How to implement 3 stacks with one array?
As long as you try to arrange all items from one stack together at one "end" of the array, you're lacking space for the third stack.
However, you could "intersperse" the stack elements. Elements of the first stack are at indices i * 3, elements of the second stack are at indices i * 3 + 1, elements of the third stack are at indices i * 3 + 2 (where i is an integer).
+----+----+----+----+----+----+----+----+----+----+----+----+----+..
| A1 : B1 : C1 | A2 : B2 : C2 | : B3 | C3 | : B4 : | :
+----+----+----+----+----+----+----+----+----+----+----+----+----+..
^ ^ ^
A´s top C´s top B´s top
Of course, this scheme is going to waste space, especially when the stacks have unequal sizes. You could create arbitrarily complex schemes similar to the one described above, but without knowing any more constraints for the posed question, I'll stop here.
Update:
Due to the comments below, which do have a very good point, it should be added that interspersing is not necessary, and may even degrade performance when compared to a much simpler memory layout such as the following:
+----+----+----+----+----+----+----+----+----+----+----+----+----+..
| A1 : A2 : : : | B1 : B2 : B3 : B4 : | C1 : C2 : C3 :
+----+----+----+----+----+----+----+----+----+----+----+----+----+..
^ ^ ^
A´s top B´s top C´s top
i.e. giving each stack it's own contiguous block of memory. If the real question is indeed to how to make the best possible use of a fixed amount of memory, in order to not limit each stack more than necessary, then my answer isn't going to be very helpful.

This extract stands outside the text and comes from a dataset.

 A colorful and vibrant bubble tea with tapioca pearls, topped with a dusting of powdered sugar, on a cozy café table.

In that case, I'd go with @belisarius' answer: One stack goes to the "bottom" end of the memory area, growing "upwards"; another stack goes to the "top" end of the memory area, growing "downwards", and one stack is in the middle that grows in any direction but is able to move when it gets too close to one of the other stacks.

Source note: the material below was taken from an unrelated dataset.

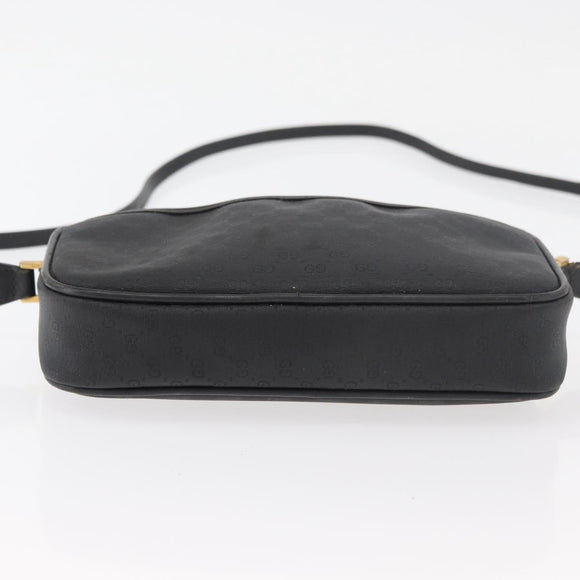 GUCCI Micro GG Supreme Shoulder Bag PVC Black Gold Auth 176880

Space (not time) efficient. You could:
1) Define two stacks beginning at the array endpoints and growing in opposite directions.

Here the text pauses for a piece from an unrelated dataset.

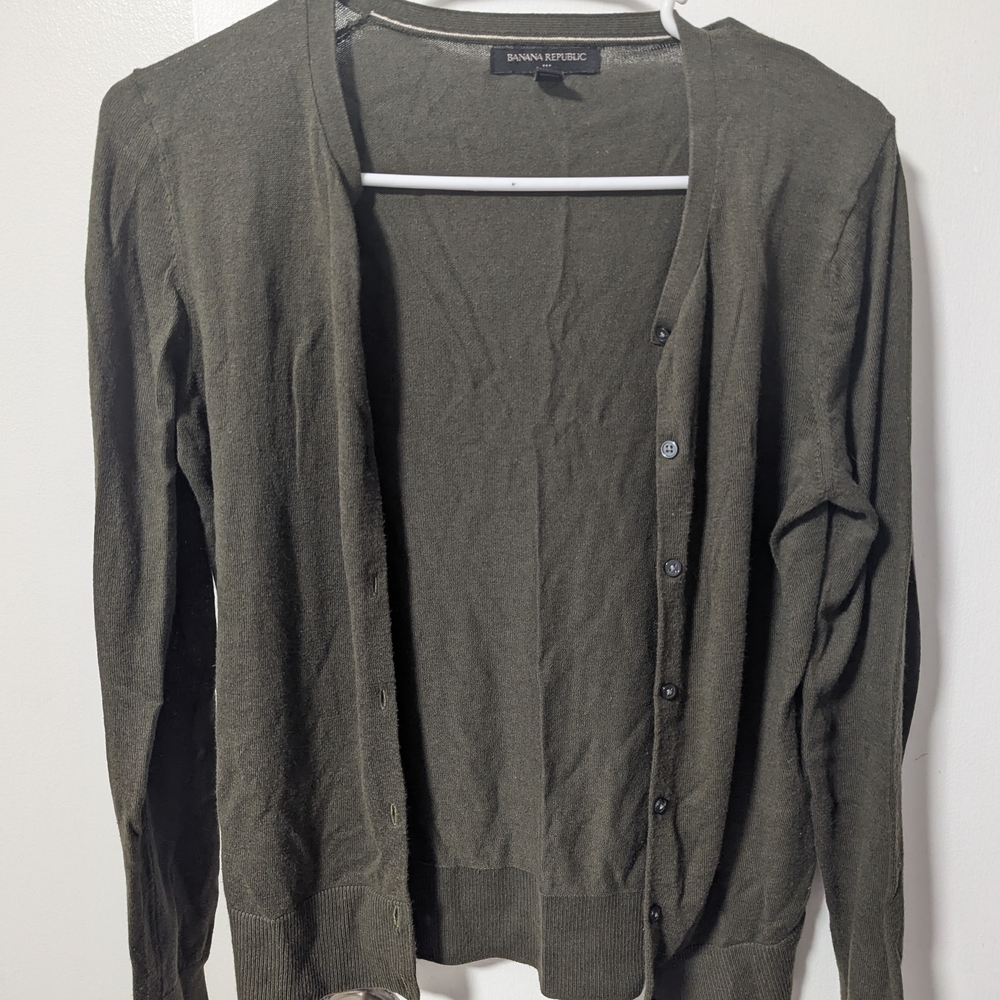 Banana Republic Olive Green Cardigan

2) Define the third stack as starting in the middle and growing in any direction you want.
3) Redefine the Push op, so that when the operation is going to overwrite other stack, you shift the whole middle stack in the opposite direction before Pushing.
You need to store the stack top for the first two stacks, and the beginning and end of the third stack in some structure.
Edit
Above you may see an example. The shifting is done with an equal space partitioning policy, although other strategies could be chosen depending upon your problem heuristics.
Edit
Following @ruslik's suggestion, the middle stack could be implemented using an alternating sequence for subsequent pushes. The resulting stack structure will be something like:
| Elem 6 | Elem 4 | Elem 2 | Elem 0 | Elem 1 | Elem 3 | Elem 5 |
In this case, you'll need to store the number n of elements on the middle stack and use the function:
f[n_] := 1/4 ( (-1)^n (-1 + 2 n) + 1) + BS3
to know the next array element to use for this stack.
Although probably this will lead to less shifting, the implementation is not homogeneous for the three stacks, and inhomogeneity (you know) leads to special cases, more bugs and difficulties to maintain code.